In doing so, I quickly discovered the most meaningful aspect of climbing: you need incredible mental stamina and the will to survive. Dramatic? Maybe. But when you’re clinging to whatever naturally occurring grips you can find on a cold, hard wall so you don’t feel the horror of falling and then slam into a crag, the sport starts to mirror a prolonged life-or-death situation in which no one’s coming to the rescue. Well, except your trusted belayer, the guy on the ground who’s holding you in place. When you start feeling exhausted, you can scream, “Take,” and the belayer will pull on the rope, holding you in place as you recharge. Still, taking isn’t a strategy, Skenazy had to tell me more than once; it’s a last resort.

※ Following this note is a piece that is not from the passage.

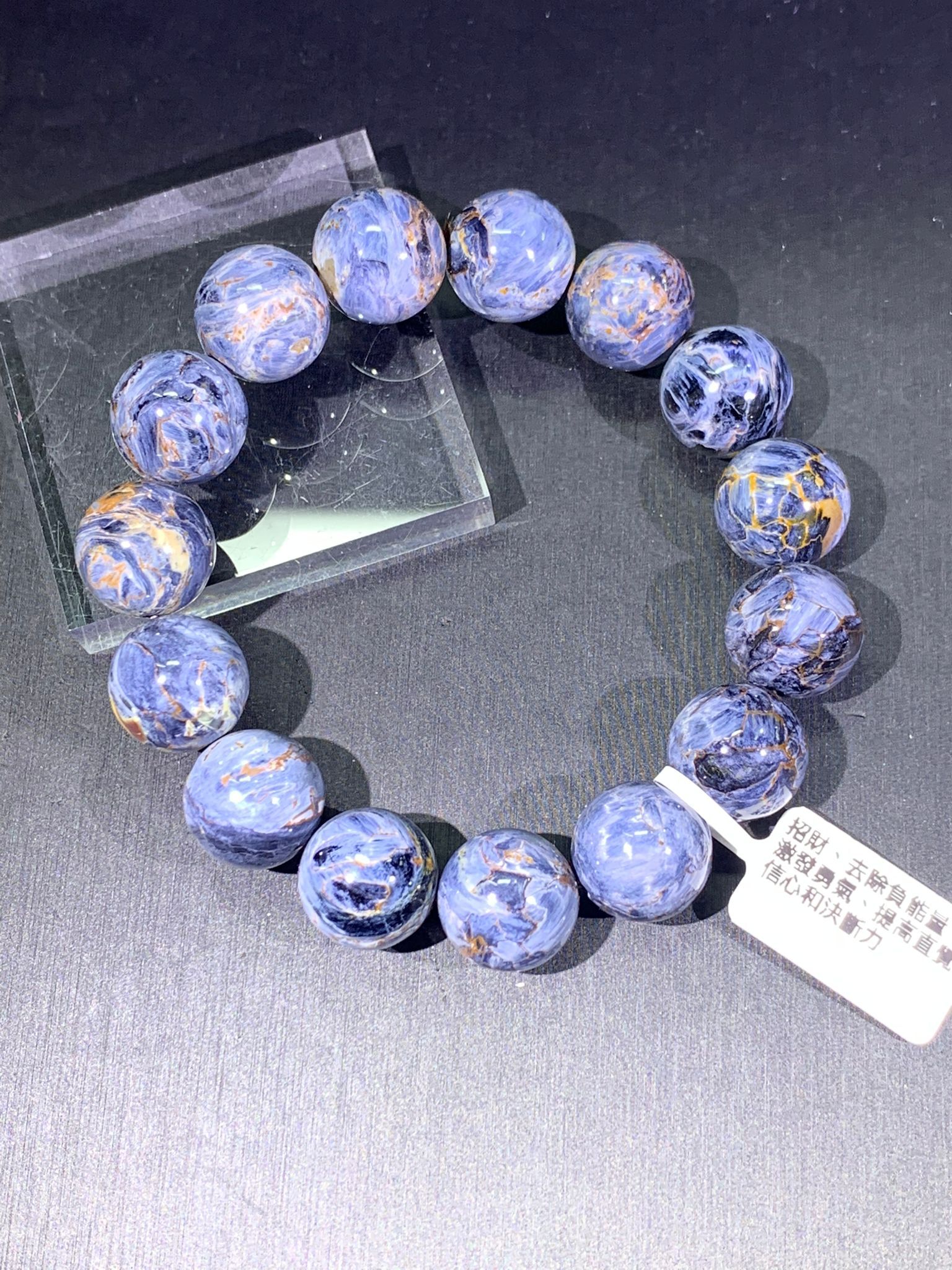 15mm+牛仔彼得石手串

When your energy gets low, hands start to numb, and you’re not sure which way to go—and any mistake could lead to an injury—how will you act? Will you persevere? Prove yourself? Give up? Take a break every two minutes? Pee your pants?

I wanted to do all of those things all at once. And I may have taken lots of breaks, but eventually I barreled through the fear (rookie tip: think about food—it helps!), the aches, the cold, the uncertainty of the route, and the voice in my head that told me to just give up and settle into a life of stand-up paddleboarding. After a few falls, scrapes, encouragement from my coach, and a good 30 minutes of being stuck on a two-inch ledge while talking to myself like a crazy man, I made it to the top.

The process was tedious but worth it. For one thing, there was the view! But also, as I perched at the end of the route in a nook meant only for birds, I felt awesome, my adrenalin-infused relief mixed with pride. It was like how you feel after you find your lost phone, combined with finishing a marathon.

After a while at the top, I peeked down—and you know what? The world didn’t spin, nor had it been merry-go-rounding the entire time. Had rock climbing just cured my fear of heights?

It had, for the moment. And then it was time to be lowered back down—an operation that should have taken all of two seconds, but now that my concentration was freed up, it ended up being a little trickier (read: spinnier). I remembered a toddler in the boulder room at the gym. He was dangling from a nub about six feet off the floor (no harness or ropes), giggling and saying “Magic!” to his parents, who didn’t look nearly as concerned as I felt. Out on Diablo, I was completely strapped in and still couldn’t bring myself to lean back over the four stories of empty space. It’s funny how children have no fear. And how they believe they are magic. Kinda like adult rock climbers. Anyway, soon I found my calm and bounced down the wall, Mission Impossible-style.

Over the next four weeks, I hit the climbing gym nearly every day and practiced at Diablo Canyon a few more times with my coach. A month after first putting on that awkward harness, I successfully led the climb without falling (or taking too many breaks).

Knowing I tried my hardest would have made me content. Succeeding would have been a bonus. But the real win came in doing both things and in discovering that—lo and behold—I like rock climbing! And in the process, I wrestled with and overcame my fear of heights yet again.